Excerpted records ->
☆ ☆ ☆

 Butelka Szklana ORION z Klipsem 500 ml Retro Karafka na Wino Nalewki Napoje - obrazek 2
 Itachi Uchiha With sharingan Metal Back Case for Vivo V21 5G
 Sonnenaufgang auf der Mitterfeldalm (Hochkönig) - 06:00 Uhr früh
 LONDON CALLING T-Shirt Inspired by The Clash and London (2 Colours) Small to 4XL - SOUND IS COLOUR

☆ ☆ ☆

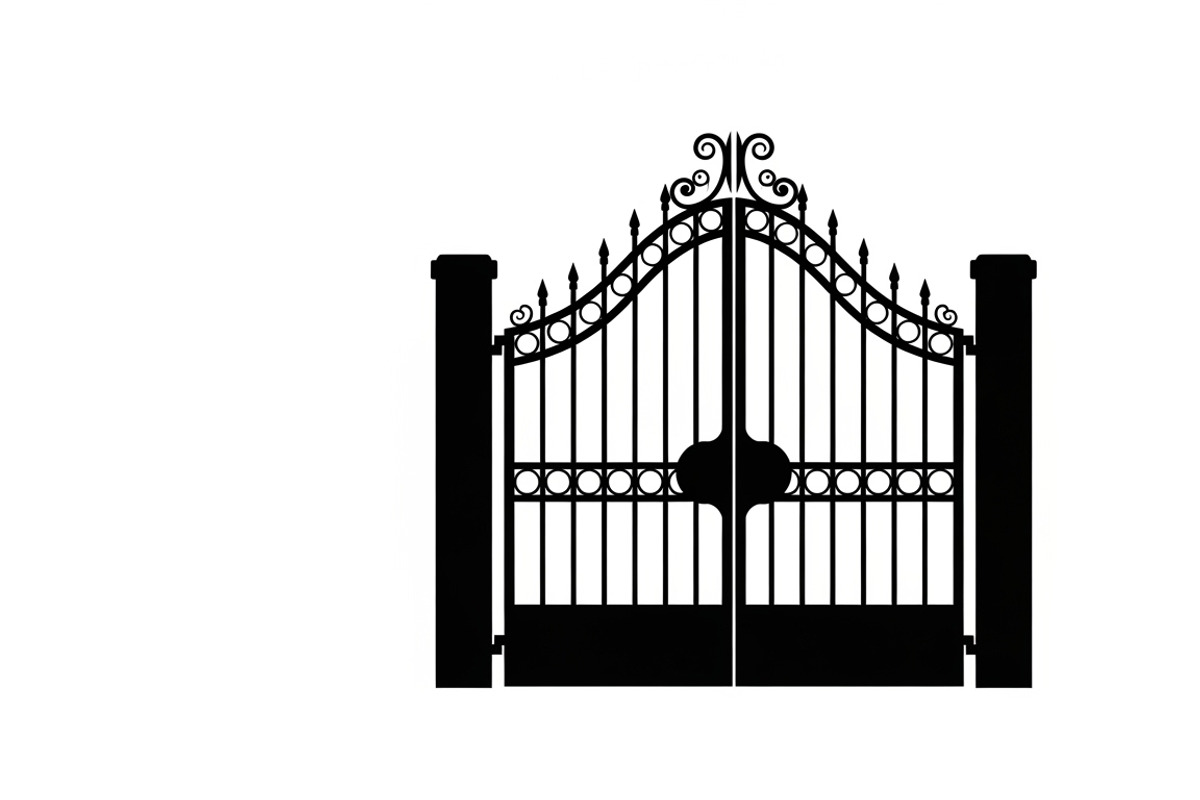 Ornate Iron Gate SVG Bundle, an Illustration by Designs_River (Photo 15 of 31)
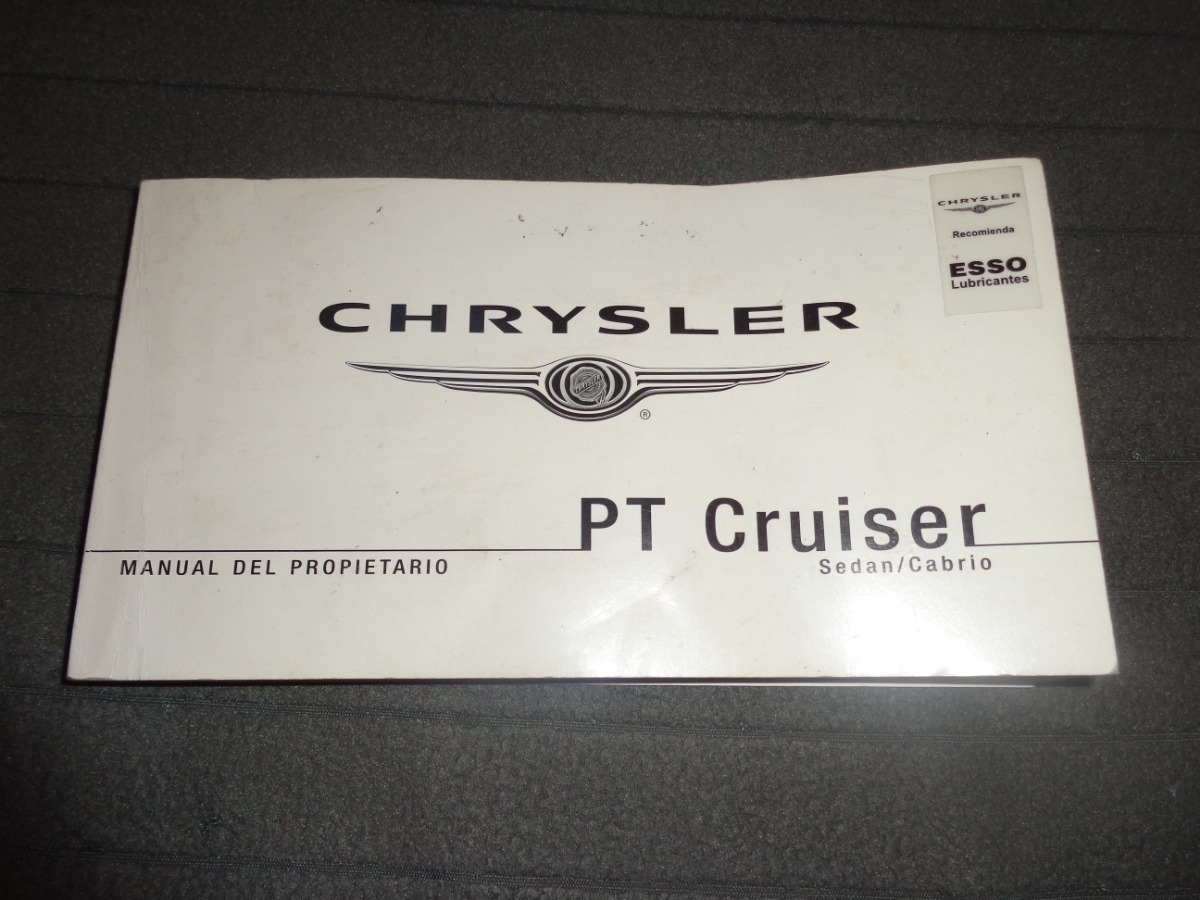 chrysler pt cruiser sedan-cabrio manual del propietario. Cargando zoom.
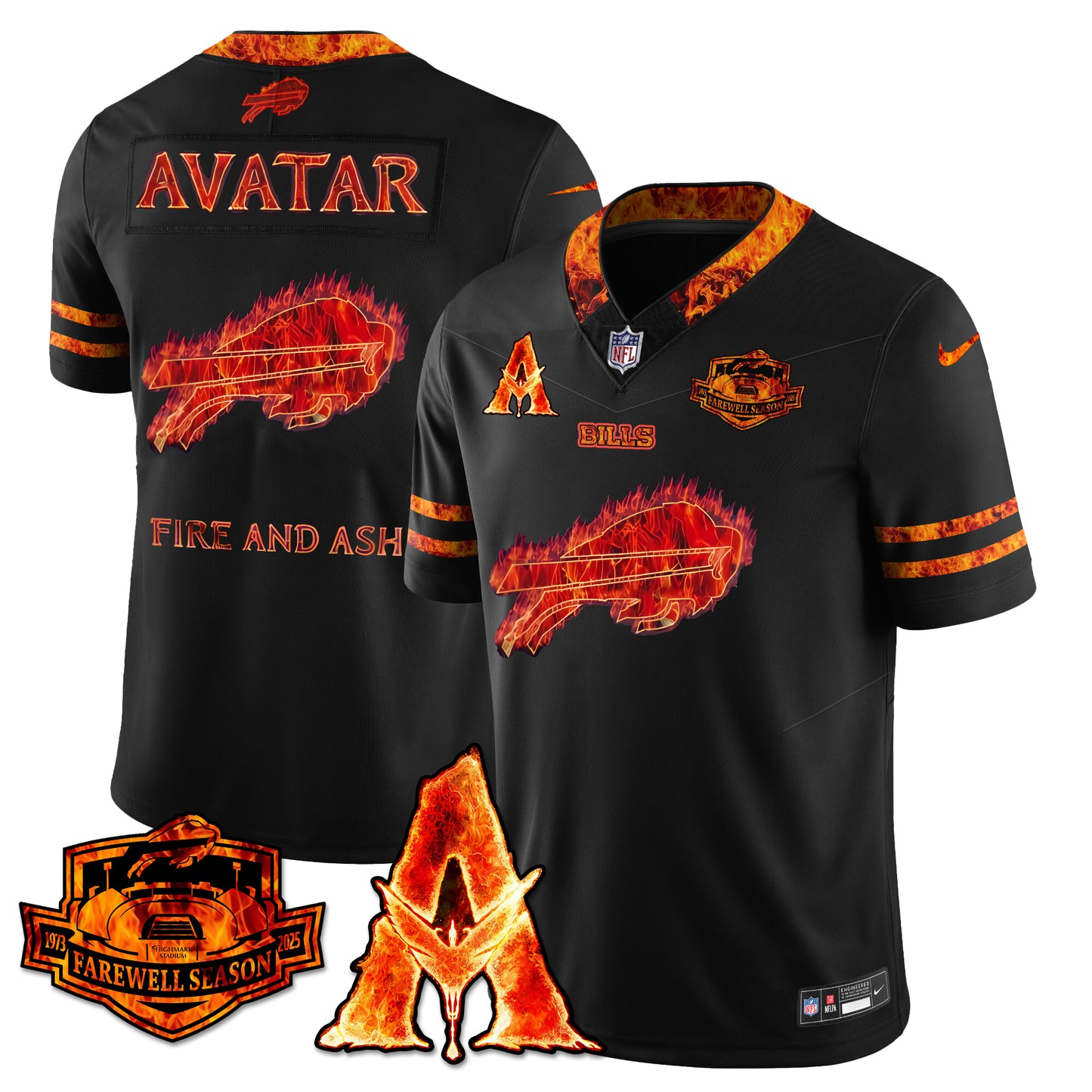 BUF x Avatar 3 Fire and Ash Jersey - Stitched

☆ ☆ ☆

What you should do -> The required answer is the exact run of lines above starting at the line with "Itachi Uchiha With" and ending at the line with "LONDON CALLING T-Shirt", with both ends present.

Task response ->
 Itachi Uchiha With sharingan Metal Back Case for Vivo V21 5G
 Sonnenaufgang auf der Mitterfeldalm (Hochkönig) - 06:00 Uhr früh
 LONDON CALLING T-Shirt Inspired by The Clash and London (2 Colours) Small to 4XL - SOUND IS COLOUR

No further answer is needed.